* _Source information_:
------------------------------------------------------------------------

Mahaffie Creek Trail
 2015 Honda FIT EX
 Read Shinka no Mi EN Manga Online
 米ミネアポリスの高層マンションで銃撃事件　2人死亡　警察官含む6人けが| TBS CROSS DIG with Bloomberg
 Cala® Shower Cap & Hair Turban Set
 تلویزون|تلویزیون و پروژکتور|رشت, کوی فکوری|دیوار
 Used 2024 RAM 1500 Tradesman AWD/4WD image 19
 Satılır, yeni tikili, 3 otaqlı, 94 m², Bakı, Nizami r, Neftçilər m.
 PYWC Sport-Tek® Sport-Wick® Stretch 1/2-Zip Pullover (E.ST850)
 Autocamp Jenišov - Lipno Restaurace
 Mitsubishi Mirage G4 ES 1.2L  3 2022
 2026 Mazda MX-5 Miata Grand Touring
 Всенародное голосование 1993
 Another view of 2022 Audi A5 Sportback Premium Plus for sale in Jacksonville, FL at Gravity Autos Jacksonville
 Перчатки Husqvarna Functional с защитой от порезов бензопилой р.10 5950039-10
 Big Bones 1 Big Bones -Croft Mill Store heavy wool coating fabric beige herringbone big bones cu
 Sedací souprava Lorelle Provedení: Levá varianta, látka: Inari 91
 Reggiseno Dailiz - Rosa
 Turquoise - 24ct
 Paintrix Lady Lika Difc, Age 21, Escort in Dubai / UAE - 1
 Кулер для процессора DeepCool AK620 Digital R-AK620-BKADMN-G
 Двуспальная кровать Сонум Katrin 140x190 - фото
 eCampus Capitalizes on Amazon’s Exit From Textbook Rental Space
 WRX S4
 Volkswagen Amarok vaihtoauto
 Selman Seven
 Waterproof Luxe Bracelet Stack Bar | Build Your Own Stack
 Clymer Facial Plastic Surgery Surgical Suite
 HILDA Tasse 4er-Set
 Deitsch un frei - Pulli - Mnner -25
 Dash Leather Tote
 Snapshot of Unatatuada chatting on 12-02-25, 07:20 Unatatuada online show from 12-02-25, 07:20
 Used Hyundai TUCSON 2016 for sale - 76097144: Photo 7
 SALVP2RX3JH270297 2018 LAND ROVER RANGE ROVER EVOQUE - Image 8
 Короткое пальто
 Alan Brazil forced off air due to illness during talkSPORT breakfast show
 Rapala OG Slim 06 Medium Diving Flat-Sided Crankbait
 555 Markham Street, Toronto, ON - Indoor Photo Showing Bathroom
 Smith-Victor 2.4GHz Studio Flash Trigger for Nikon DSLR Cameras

------------------------------------------------------------------------

* _Task_: Copy out, from the listing above, every line that contains the string "sale".

* _Final answer_:
 Another view of 2022 Audi A5 Sportback Premium Plus for sale in Jacksonville, FL at Gravity Autos Jacksonville
 Used Hyundai TUCSON 2016 for sale - 76097144: Photo 7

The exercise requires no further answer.